Ontologies are subject to malevolent intent. They are a priori predication, and we need a posteriori. This is the concept of "double-entry" data semantics. Semantic Assertions should only be applied to the audited survey of process at two separate entities, and not by their both accepting a centralized ontology.
Where interests differ, mapping of input should be accepted skeptically because each entity cannot be trusted not to obscure these inputs to avoid losing peculiar advantage.
D4.2. TAG is discussing what it wold take to reconcile tag soup with well-formed/valid format. Likely approach will be to describe common browser error recovery mechanisms. This will be key input to HTML5.
They are leaning towards TagSoup (hear hear! http://www.ibm.com/developerworks/xml/library/x-tiptagsoup.html ). TagSoup's tokenization phase outputs McGrath's PYX (see http://www.xml.com/pub/a/2000/03/15/feature/index.html ). The rectification phase takes this and turns it into a new, corrected PYX.

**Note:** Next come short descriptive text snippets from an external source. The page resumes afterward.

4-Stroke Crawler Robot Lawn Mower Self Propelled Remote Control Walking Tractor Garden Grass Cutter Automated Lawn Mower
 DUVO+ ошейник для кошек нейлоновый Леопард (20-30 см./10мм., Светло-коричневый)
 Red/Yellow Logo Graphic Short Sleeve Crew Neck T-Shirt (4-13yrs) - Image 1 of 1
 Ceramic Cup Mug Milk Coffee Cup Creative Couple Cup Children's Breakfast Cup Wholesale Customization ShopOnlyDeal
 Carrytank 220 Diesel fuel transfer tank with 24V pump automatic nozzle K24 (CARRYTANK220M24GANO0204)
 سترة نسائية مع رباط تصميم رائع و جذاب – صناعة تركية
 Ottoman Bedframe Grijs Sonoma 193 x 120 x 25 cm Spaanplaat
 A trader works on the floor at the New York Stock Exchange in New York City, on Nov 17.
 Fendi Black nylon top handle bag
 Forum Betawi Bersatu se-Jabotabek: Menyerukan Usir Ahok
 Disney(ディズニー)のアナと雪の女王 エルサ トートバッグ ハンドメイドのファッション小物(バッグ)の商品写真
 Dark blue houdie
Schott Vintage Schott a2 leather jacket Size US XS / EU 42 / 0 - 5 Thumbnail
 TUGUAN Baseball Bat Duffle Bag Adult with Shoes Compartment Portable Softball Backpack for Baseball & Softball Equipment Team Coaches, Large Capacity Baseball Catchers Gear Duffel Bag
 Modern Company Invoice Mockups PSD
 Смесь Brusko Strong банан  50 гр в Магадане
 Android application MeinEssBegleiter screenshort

Discussed issues with TagSoup, for example idiosyncratic namespace handling and the fact that rectification is not declarative (though ).
HT is proposing PYXup. Stay with TagSoup conventions of 2 stages, streaming, no lookahead in rectification phase and minimal in tokenization phase. Expose the fixup controls declaratively as much as possible. HT uses the TagSoup tokenizer unchanged. Fixup is driven by a schema and an error recovery spec. Schema only specifies element vocabulary and immediate dominance (including allowance of text content).
Discussed some of the error conditions and recovery rules implemented in PYXup.
Notes that HTML table and form are particularly hard cases, and that Tidy and TagSoup both do something very unhelpful.
Pointing out a very strange fixup by Tidy, John Cowan said: "It does that because it has DOM and can move stuff around. I don't have a DOM, so I can't make such mistakes"
Also highlighted the nightmare of script.
HT says PYXup is implemented in Python, which means "it's easy, but it's slow". John Cowan applauded this, saying "I've always wanted a Python port of TagSoup, but I'm not competent to do it. I'm glad someone is expressing my elegant ideas in an elegant language".
D4.3. I learn that CMSQ's closing this conference, and its predecessors, is a long tradition. I can see why. He's tied all the conference events together in a grand philosophical arc that is satisfying, but hard to report.
Thanks for writing all of these out, especially D3.7. Extreme is always held when my family is at the beach, but reading through your comments I get a very good sense of what was going on.